• EXERCISE INPUTS:
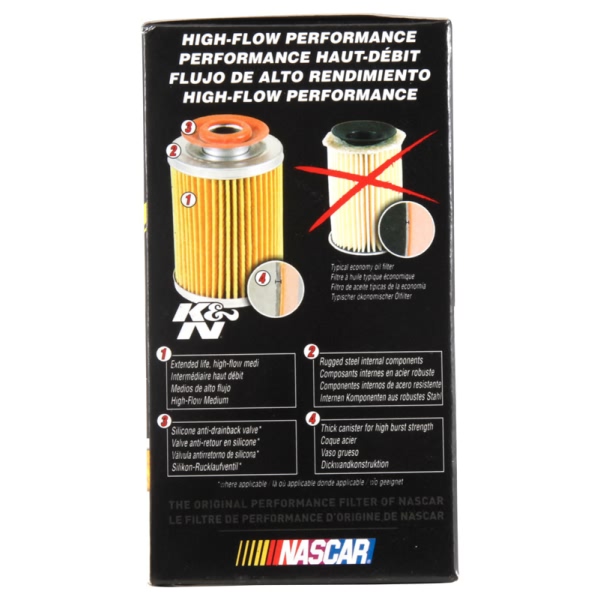 K&N Performance Gold™ Wrench-Off Oil Filter HP-2001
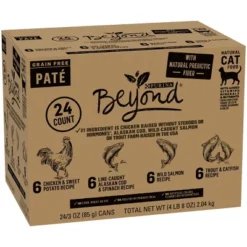 Purina Beyond Grain Free Pate With Chicken, Salmon And Fish Flavor Wet Cat Food Variety Pack - 3oz/24ct -PawHut Sales Store GUEST d1d3f8d7 6198 4ba5 8658 2c61f8620d46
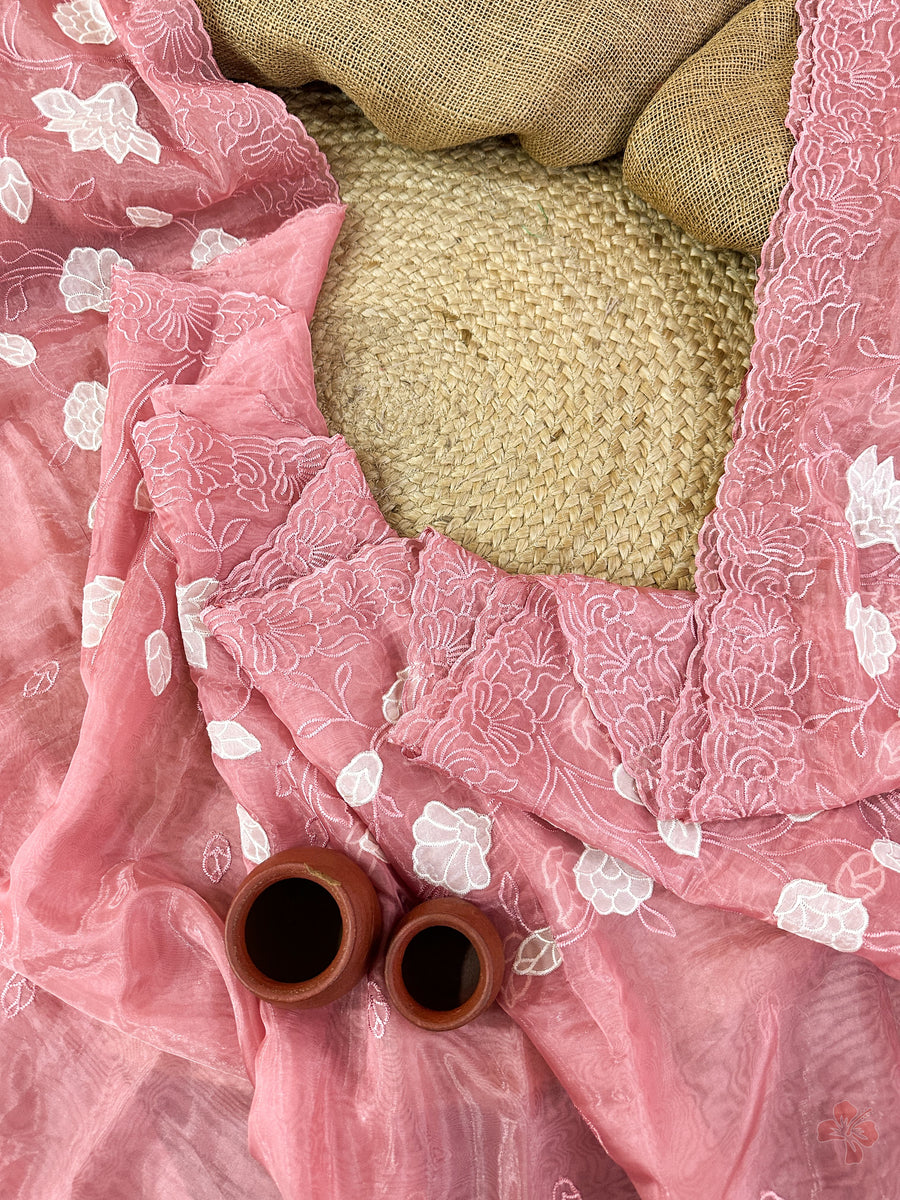 Premium kora organza sare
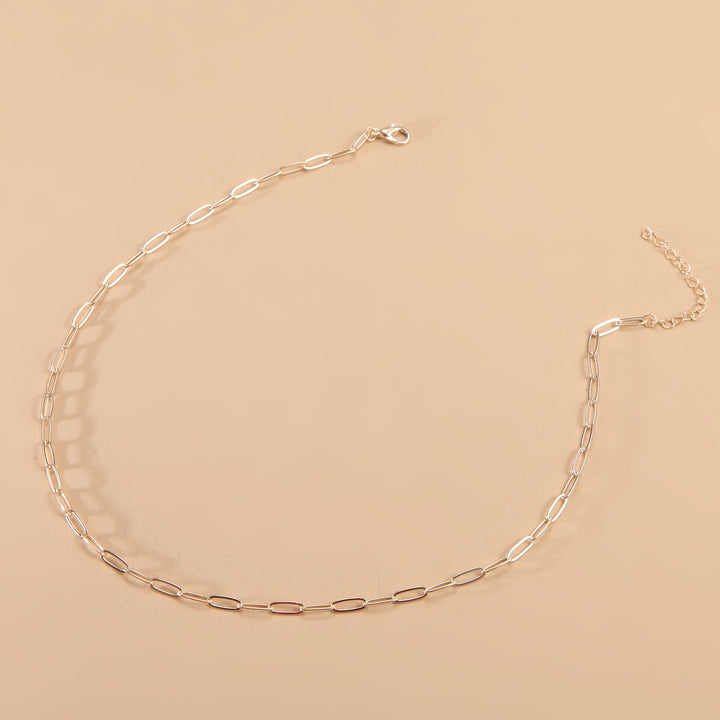 Schlanke lange Gliederkette Halskette Karnz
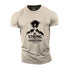 Men's Be Strong And Couragous Cotton T-Shirt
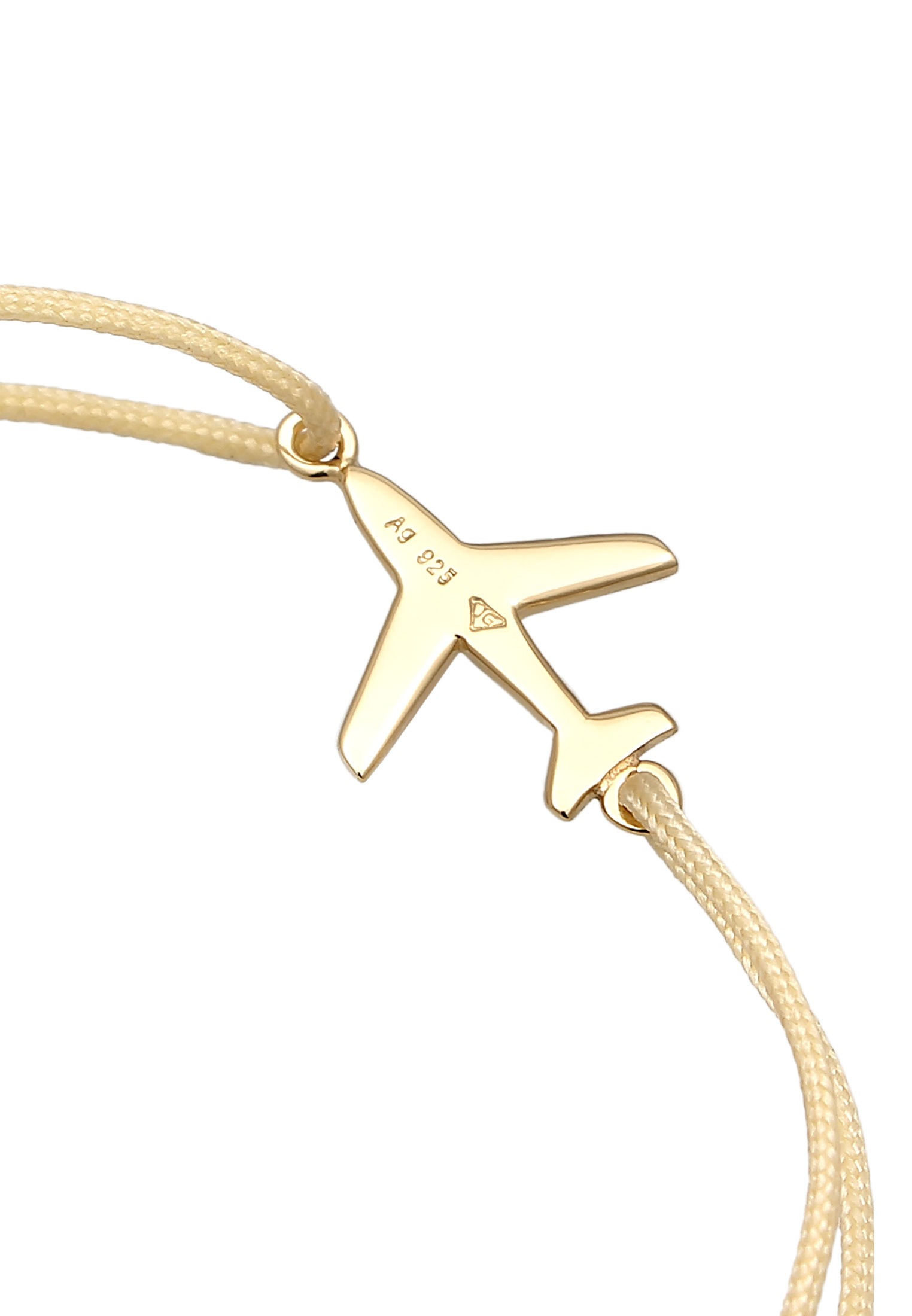 Elli Armkette »Armband Flugzeug Nylon Travel 925 Sterling Silber«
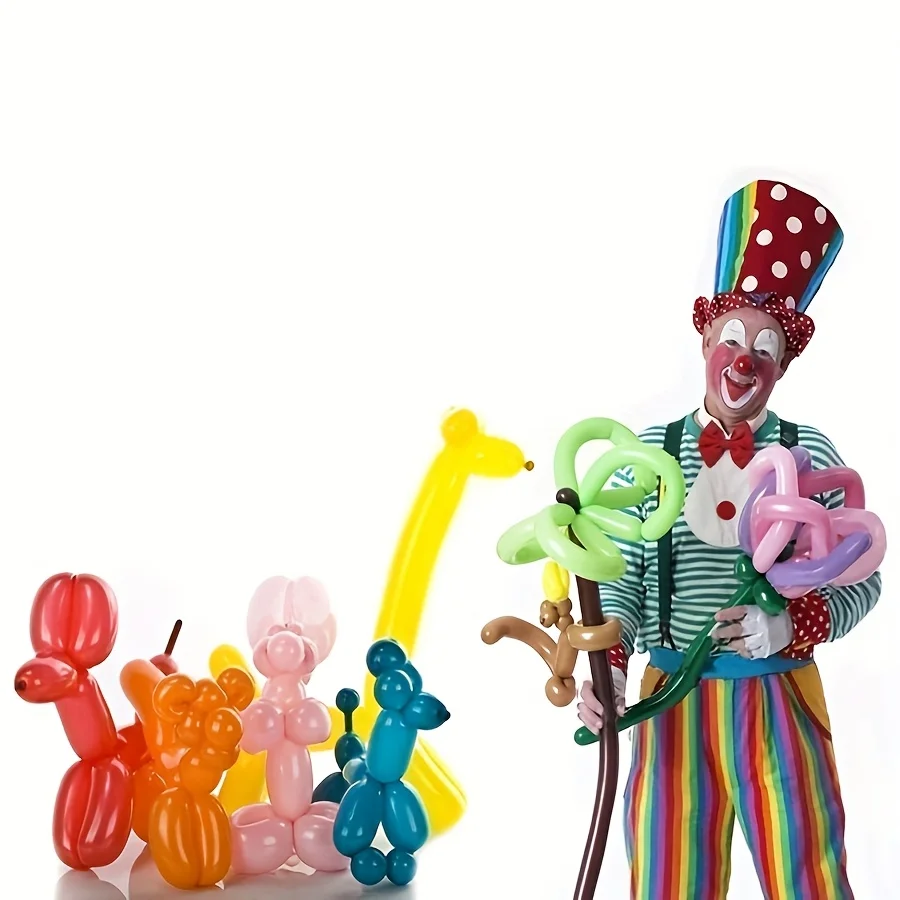 50/100/200 Stück magische mehrfarbige lange Latexballons mit Pumpe für Tiergirlanden Clown Geburtstag Hochzeit Party Dekorationen JXB – Detail 3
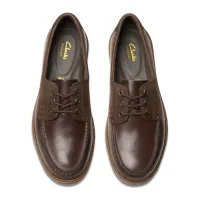Clarks - Bratton Boat Dark Brown Lea thumbnail 5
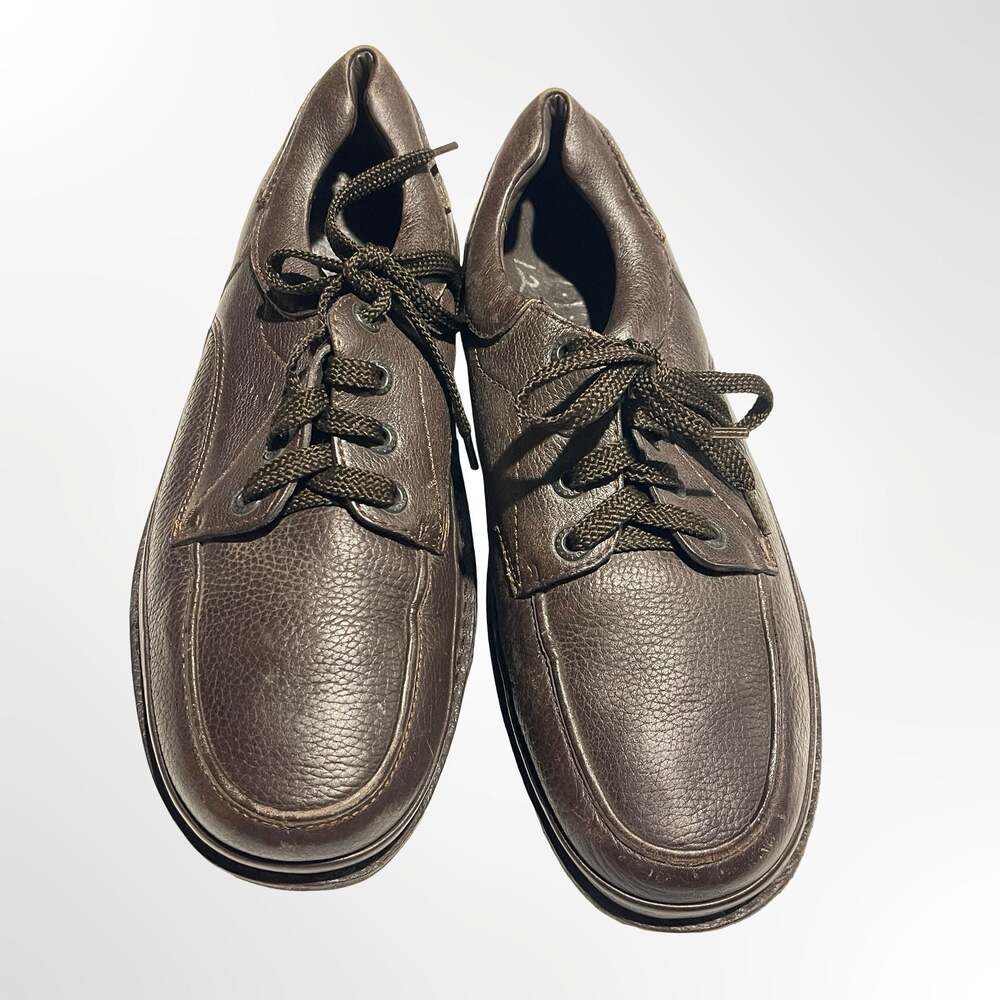 Propét Men's Brown Leather Comfort Casual Walking Shoes - Picture 2 of 8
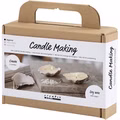 Mini Kreativ Set Kerzengießen , Sojawachskerzen in Austernschalen, Creme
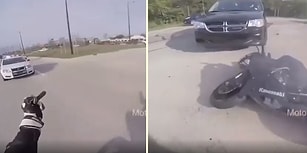 Polise Parmak Hareketi Çeken Motosikletlinin Hazin Sonu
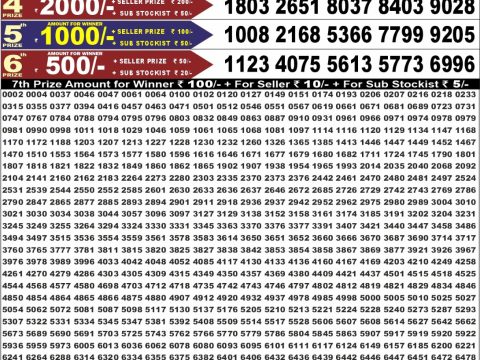 Punjab State Dear 50 Bronco Tuesday Weekly Lottery Result 23/06/26
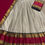 Thumbnail: Traditional Kanchi Cotton Lehenga Choli Set – Zari Weaving Work With Dupatta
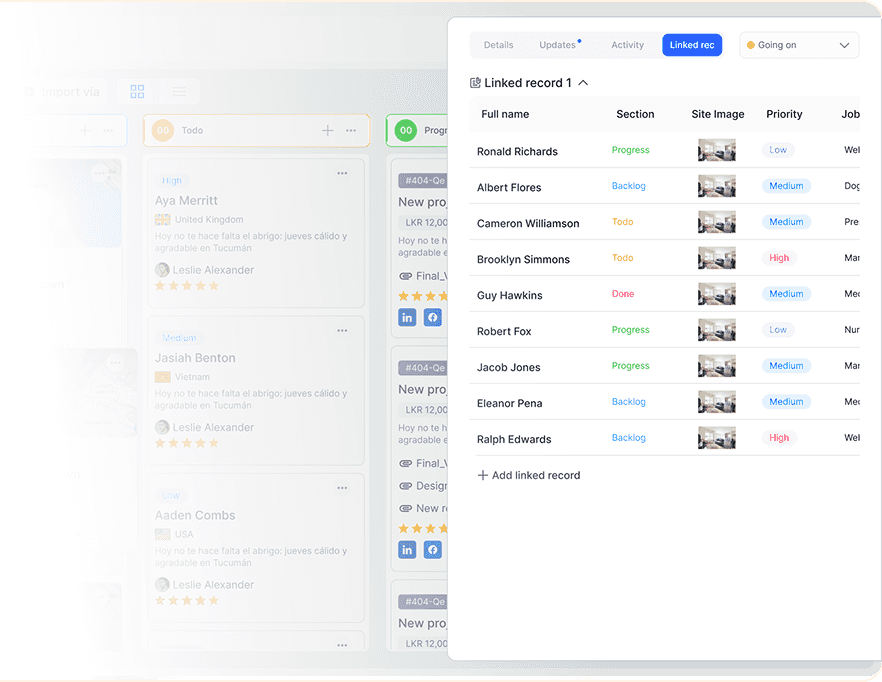 Two-Way Connected Boards and Activity Tracking Dashboard in Trello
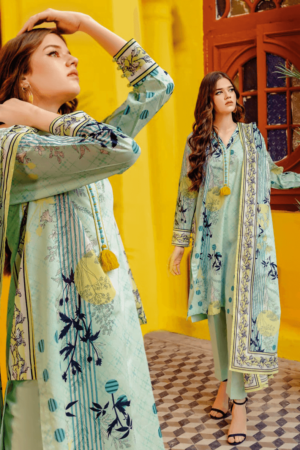 Gul Ahmed Cl-42065a Essential Printed Lawn Collection 2024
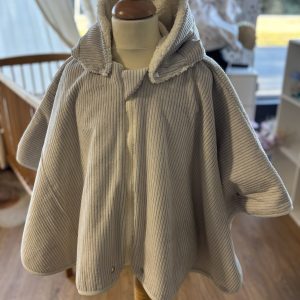 Poncho Ultra évolutif 0-8 ans 4-en-1 Velours côtelé beige sherpa renard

• WHAT IS BEING ASKED: The expected output is an exact copy of the lines from the one holding "Polise Parmak Hareketi" through the last line of the listing above, with the pictures omitted.

• EXPECTED ANSWER:
 Polise Parmak Hareketi Çeken Motosikletlinin Hazin Sonu
 Punjab State Dear 50 Bronco Tuesday Weekly Lottery Result 23/06/26
 Thumbnail: Traditional Kanchi Cotton Lehenga Choli Set – Zari Weaving Work With Dupatta
 Two-Way Connected Boards and Activity Tracking Dashboard in Trello
 Gul Ahmed Cl-42065a Essential Printed Lawn Collection 2024
 Poncho Ultra évolutif 0-8 ans 4-en-1 Velours côtelé beige sherpa renard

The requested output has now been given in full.